RNA-seq de novo assembly alignment quality assessment



I have an RNA-seq dataset from a non-model organism and need to do de novo assembly. After running Trinity, I checked the quality of the assembled transcriptome by aligning back the reads using both bowtie and bowtie2. The problem is that the "aligned concordantly exactly 1 time" percentage is very low.
For instance from bowtie2:

40191191 reads; of these:
  40191191 (100.00%) were paired; of these:
    1107263 (2.75%) aligned concordantly 0 times
    811254 (2.02%) aligned concordantly exactly 1 time
    38272674 (95.23%) aligned concordantly >1 times
    1107263 pairs aligned concordantly 0 times; of these:
      3136 (0.28%) aligned discordantly 1 time
    1104127 pairs aligned 0 times concordantly or discordantly; of these:
      2208254 mates make up the pairs; of these:
        585954 (26.53%) aligned 0 times
        74874 (3.39%) aligned exactly 1 time
        1547426 (70.07%) aligned >1 times
99.27% overall alignment rate

The same trend was observed when using busco to check the quality of assembly:


I have used BBduk and Trimmomatic to remove adapters and low quality reads. For cleaned reads, fastqc confirmed removal of adapters and per base quality but failed “Sequence Duplication Levels”. I assumed this is very common with RNA-seq data (?).

Now, I wanted to know if someone can suggest what improvement can be done in this case? Can I continue with this assembly? My ultimate plan is to run corset to remove the redundancies, use RSEM to quantify the expression levels and then performing DE analysis.
Thanks for the help in advance!






I assume you are interested in gene-level DGE.

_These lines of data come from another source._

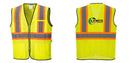 Custom Yellow Mesh Class 2 Reflective Safety Vest with Pockets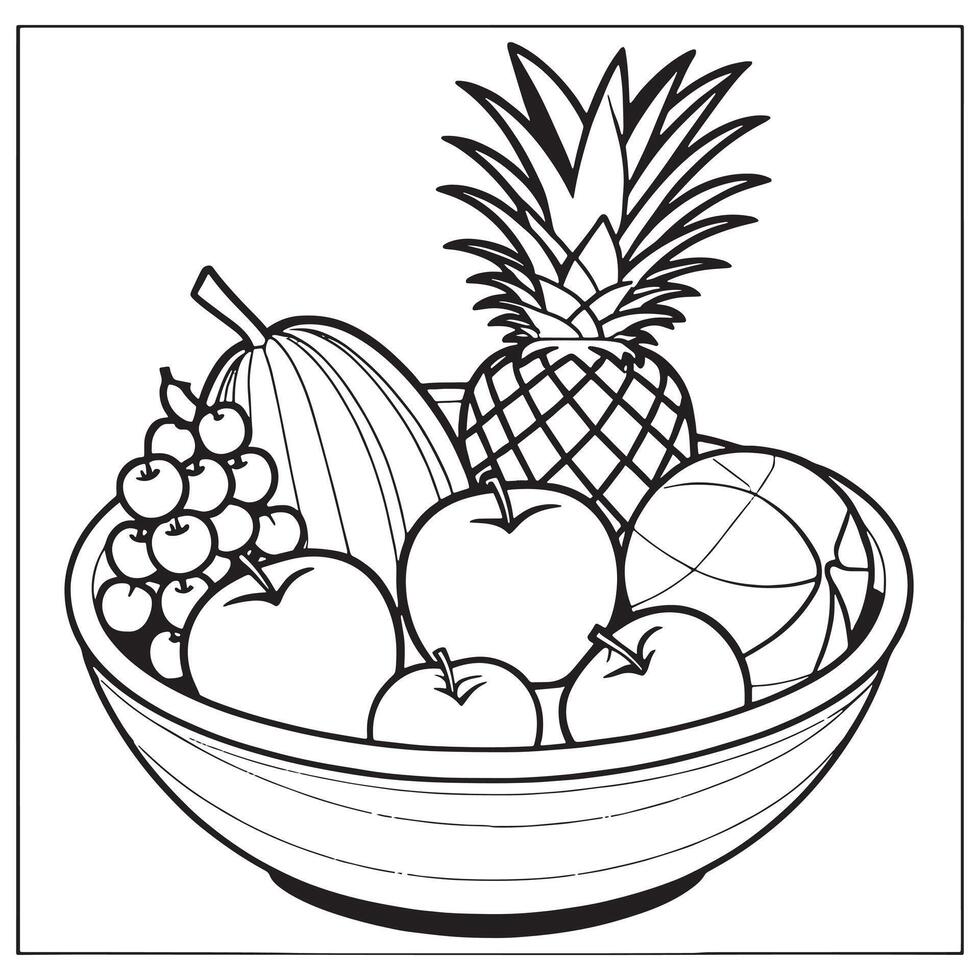 frutas en un cesta colorante página, frutas contorno dibujo colorante libro paginas para niños vector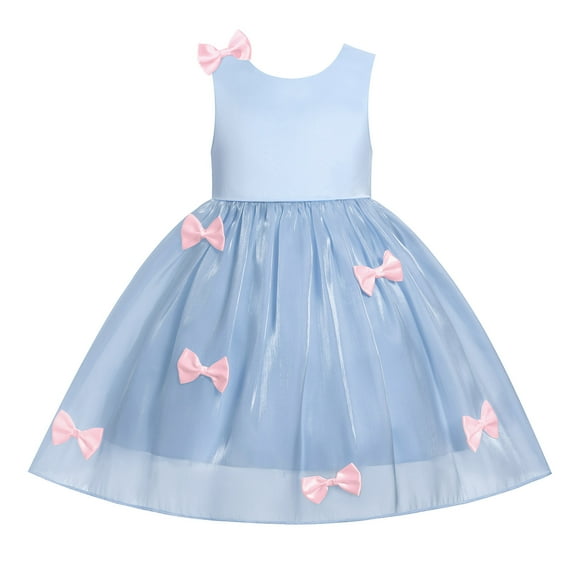 IWEMEK Flower Girls Dress V-Back Satin Ball Gown Bowknot Sleeveless Ruffle Tulle Pageant Dresses Blue Size 5-6T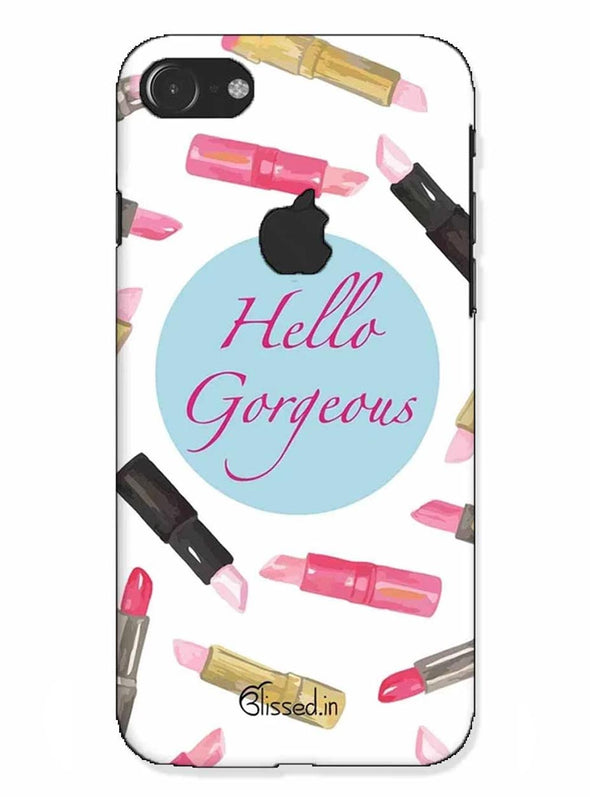 hello gorgeous | iphone 7 logo cut Phone Case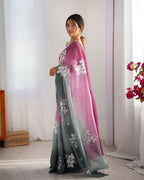 Wine and Green Crunchy Crush Pedding Color Embroidery Work Party Wear Saree - Zuleika | Grocsy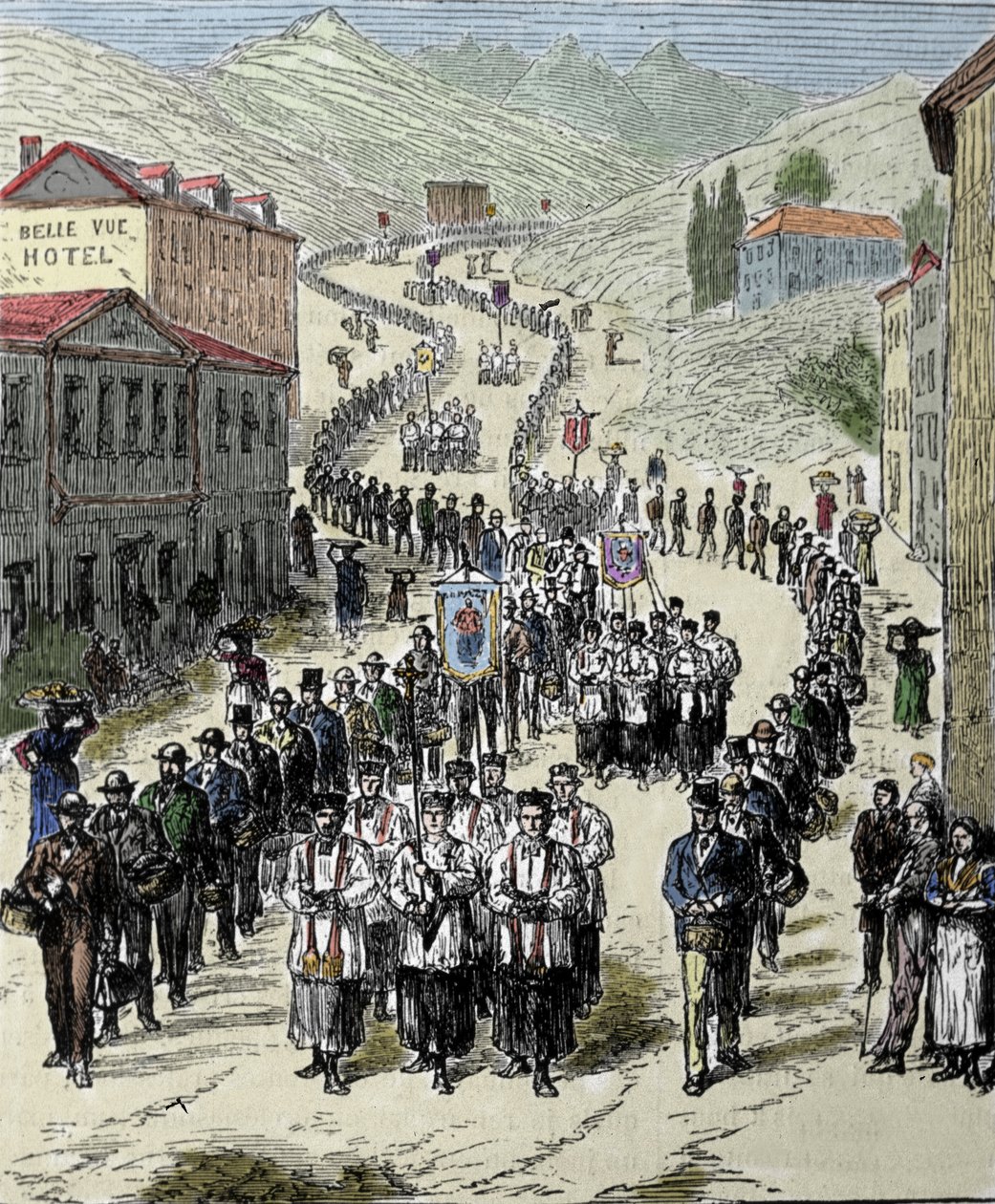 Utsikt över processionen från stationen till grottan Lourdes i Höga Pyrenéerna där Jungfrun visade sig för Bernadette Soubirous (1844-1879) 1858, nuvarande pilgrimsfärdsort. Gravyr av 1800-talet av Unknown artist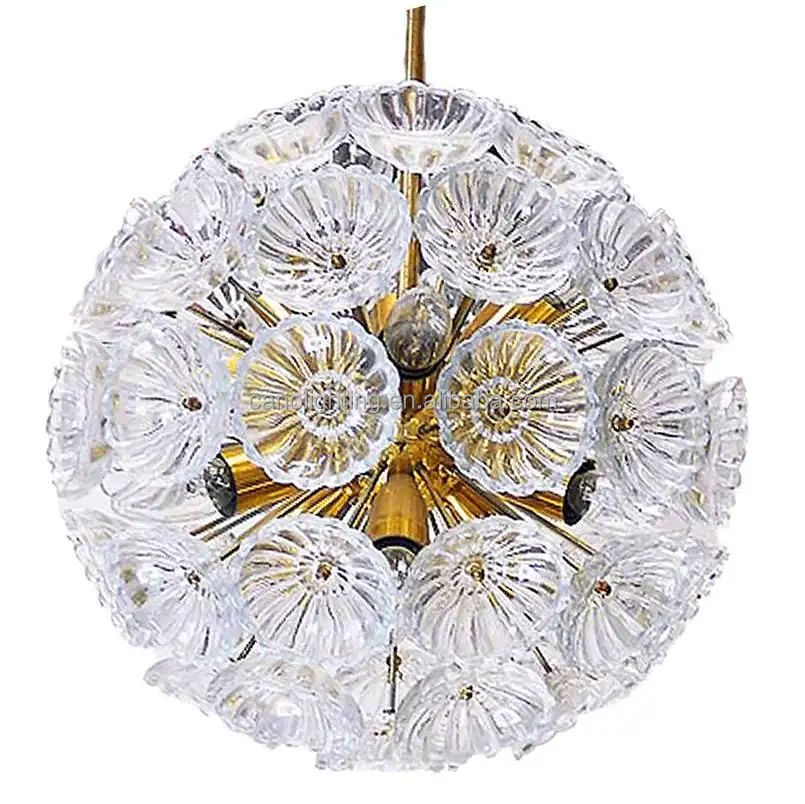 1960 Deutschland Sputnik Löwenzahn Mitte des Jahrhunderts moderne Lampe Dekor Kronleuchter Glas blumen Messing Licht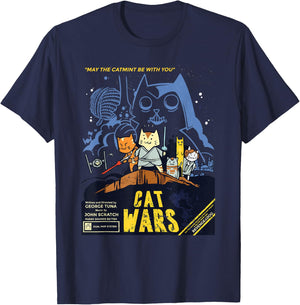 Cat Wars for Cat Lovers Perfect Funny Gift Women Girls Kids T-Shirt - T-Shirt | Navy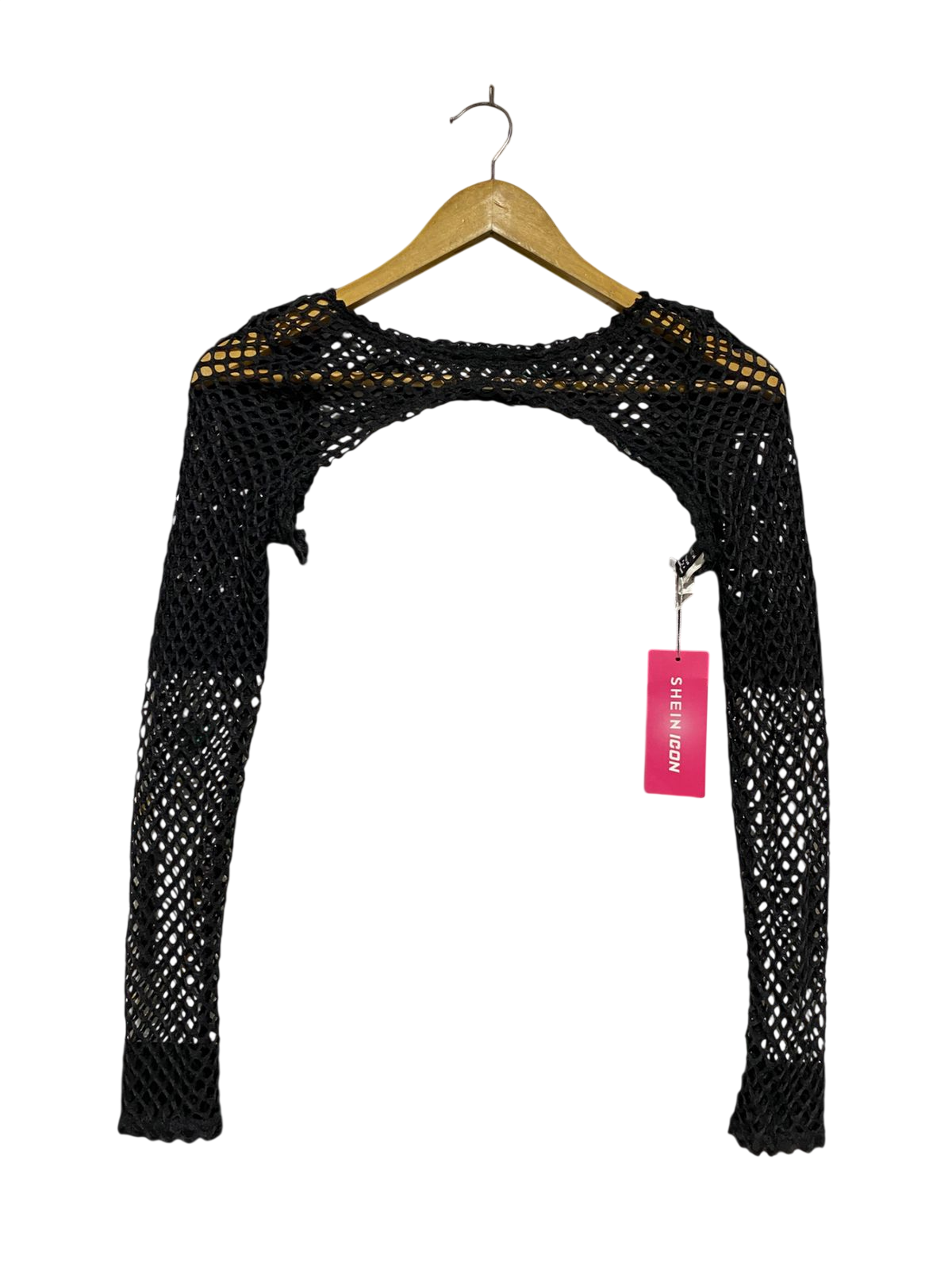 SHEIN |M| BUST 13| B11| ICON BLACK OPEN FRONT CROCHET FISHNET BOLERO SHRUG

What kind of genome does the organism have? You may have homeologs here, which may have resulted in many duplicated sequences. This is indicated by your BUSCO-result. That's not bad per se, but you need to carefully choose your quantification tools. If you want to infer DGE, go the gene-level route (annotation/clustering + tximport). Also, do not use bowtie2 for quantification. It may be tempting, but Salmon/Kallisto are capable of statistically partition read counts over similar transcripts and have lower computational cost.
I'd be happy if you could post your way forward, once you have decided!

Best of luck.

Edit: elaborated a bit more on quasi-mappers.

Edit2: sequence duplication levels are nothing to go by in RNA-Seq. I'd completely ignore them. Use Transrate to evaluate your assembly. For Transrate, you can download the Oyster River Protocol and use the packaged version (Transrate-ORP).

Edit3: If you find low Transrate Score (< 0.15), try and compare other assemblers.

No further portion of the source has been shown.